┏━━
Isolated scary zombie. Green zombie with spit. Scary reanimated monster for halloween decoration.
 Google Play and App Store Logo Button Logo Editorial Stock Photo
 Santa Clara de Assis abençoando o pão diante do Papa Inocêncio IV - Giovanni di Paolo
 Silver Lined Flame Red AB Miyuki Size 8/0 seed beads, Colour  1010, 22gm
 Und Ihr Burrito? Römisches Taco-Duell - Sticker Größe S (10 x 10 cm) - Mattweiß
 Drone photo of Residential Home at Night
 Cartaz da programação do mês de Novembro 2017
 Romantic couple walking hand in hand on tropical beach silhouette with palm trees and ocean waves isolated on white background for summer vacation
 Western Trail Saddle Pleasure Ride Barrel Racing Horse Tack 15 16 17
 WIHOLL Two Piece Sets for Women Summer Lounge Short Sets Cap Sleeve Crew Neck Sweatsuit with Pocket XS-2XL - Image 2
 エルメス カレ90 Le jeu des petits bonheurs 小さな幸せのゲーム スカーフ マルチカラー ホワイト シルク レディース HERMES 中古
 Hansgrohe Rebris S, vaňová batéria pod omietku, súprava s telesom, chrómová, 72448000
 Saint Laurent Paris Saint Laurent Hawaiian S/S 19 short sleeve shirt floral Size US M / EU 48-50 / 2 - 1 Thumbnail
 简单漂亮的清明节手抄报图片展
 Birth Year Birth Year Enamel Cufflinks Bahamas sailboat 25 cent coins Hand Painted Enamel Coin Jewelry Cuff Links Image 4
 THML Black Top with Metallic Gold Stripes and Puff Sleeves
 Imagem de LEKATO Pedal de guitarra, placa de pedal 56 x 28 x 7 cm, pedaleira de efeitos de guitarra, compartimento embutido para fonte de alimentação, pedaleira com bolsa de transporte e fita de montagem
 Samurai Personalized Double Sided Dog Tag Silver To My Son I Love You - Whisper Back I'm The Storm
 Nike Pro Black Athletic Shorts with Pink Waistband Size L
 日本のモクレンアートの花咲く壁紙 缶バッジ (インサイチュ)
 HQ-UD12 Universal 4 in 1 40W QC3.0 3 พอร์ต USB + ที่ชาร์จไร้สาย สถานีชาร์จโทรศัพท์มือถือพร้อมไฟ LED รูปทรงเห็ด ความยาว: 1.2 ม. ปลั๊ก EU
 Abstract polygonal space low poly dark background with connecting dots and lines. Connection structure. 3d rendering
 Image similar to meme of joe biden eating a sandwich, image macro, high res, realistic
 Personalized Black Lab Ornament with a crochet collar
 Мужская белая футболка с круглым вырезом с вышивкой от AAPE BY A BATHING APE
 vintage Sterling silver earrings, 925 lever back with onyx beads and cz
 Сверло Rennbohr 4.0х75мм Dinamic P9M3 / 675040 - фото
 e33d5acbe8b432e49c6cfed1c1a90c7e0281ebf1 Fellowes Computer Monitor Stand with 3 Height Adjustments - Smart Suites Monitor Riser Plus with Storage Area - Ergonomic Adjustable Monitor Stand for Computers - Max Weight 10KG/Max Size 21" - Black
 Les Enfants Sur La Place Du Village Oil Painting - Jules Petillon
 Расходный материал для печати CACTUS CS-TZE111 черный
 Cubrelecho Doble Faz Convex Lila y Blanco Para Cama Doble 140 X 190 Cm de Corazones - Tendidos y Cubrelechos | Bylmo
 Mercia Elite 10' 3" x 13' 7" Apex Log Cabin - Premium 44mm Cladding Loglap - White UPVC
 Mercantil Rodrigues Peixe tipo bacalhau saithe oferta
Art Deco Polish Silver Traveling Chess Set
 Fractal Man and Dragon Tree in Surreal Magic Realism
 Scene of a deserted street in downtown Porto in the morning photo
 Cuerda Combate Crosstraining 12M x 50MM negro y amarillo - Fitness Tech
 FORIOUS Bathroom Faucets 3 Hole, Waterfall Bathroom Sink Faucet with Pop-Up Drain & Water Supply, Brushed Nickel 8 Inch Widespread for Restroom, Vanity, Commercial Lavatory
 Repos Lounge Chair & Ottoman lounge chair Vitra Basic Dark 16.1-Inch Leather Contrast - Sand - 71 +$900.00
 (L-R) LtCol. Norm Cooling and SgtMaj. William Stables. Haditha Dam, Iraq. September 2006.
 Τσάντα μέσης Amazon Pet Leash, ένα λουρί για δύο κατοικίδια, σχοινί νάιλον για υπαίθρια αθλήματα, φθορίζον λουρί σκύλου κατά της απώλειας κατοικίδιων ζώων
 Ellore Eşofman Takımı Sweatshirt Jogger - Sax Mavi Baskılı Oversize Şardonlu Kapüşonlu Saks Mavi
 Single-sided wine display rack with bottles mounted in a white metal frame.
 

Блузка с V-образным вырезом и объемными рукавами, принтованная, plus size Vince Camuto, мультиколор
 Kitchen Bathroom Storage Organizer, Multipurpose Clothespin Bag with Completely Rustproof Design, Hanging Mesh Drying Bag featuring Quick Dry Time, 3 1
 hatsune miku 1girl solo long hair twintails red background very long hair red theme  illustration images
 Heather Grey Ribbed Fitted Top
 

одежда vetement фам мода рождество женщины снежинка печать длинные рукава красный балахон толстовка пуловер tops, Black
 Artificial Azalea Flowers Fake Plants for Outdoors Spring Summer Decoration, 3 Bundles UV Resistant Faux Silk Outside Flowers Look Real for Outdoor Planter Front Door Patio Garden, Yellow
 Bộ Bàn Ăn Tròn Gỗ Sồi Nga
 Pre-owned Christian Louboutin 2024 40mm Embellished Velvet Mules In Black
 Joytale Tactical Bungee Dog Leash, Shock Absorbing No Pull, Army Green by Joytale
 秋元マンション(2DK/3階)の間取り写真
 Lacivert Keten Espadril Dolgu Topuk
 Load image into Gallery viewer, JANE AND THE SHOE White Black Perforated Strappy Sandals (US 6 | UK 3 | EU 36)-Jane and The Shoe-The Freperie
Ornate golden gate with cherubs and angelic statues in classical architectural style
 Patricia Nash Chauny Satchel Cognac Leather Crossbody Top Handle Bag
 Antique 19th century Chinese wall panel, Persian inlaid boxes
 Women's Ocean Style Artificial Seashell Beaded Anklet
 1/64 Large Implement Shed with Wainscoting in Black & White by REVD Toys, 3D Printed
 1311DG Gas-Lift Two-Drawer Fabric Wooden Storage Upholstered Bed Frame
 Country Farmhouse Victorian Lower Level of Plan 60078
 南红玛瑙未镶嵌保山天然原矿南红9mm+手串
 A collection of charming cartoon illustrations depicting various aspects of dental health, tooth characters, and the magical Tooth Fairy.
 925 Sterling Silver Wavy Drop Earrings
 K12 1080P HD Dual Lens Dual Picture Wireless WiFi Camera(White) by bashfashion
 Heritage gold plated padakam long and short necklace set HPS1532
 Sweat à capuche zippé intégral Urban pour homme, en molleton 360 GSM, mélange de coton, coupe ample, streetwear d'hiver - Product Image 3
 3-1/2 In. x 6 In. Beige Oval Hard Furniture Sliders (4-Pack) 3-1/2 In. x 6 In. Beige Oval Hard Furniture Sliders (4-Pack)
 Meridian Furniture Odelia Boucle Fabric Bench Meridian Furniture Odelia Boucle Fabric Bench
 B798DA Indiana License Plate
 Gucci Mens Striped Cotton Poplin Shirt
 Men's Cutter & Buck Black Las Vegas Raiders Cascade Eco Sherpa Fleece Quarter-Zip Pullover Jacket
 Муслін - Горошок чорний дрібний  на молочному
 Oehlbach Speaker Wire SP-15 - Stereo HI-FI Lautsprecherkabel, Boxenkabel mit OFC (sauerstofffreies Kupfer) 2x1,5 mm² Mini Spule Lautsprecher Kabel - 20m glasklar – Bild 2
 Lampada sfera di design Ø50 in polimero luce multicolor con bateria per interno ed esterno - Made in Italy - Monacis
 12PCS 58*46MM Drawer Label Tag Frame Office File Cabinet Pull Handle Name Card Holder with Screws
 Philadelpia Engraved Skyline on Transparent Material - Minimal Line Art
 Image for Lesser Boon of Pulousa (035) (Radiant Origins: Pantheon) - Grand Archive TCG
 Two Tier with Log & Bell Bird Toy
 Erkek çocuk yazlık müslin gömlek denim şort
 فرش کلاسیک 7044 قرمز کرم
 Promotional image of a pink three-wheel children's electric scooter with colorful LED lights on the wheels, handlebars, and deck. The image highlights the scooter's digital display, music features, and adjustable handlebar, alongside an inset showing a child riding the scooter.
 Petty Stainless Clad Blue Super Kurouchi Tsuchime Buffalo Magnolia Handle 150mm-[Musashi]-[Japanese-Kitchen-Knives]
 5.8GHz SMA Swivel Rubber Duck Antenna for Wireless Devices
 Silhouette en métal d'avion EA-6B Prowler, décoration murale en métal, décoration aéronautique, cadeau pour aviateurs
┗━━
--- YOUR ASSIGNMENT ---
In the entries above, find the line with "Cartaz da programação" and the line with "エルメス カレ90 Le", then restate word for word both of them and every line between, with nothing more.

--- TASK ANSWER ---
 Cartaz da programação do mês de Novembro 2017
 Romantic couple walking hand in hand on tropical beach silhouette with palm trees and ocean waves isolated on white background for summer vacation
 Western Trail Saddle Pleasure Ride Barrel Racing Horse Tack 15 16 17
 WIHOLL Two Piece Sets for Women Summer Lounge Short Sets Cap Sleeve Crew Neck Sweatsuit with Pocket XS-2XL - Image 2
 エルメス カレ90 Le jeu des petits bonheurs 小さな幸せのゲーム スカーフ マルチカラー ホワイト シルク レディース HERMES 中古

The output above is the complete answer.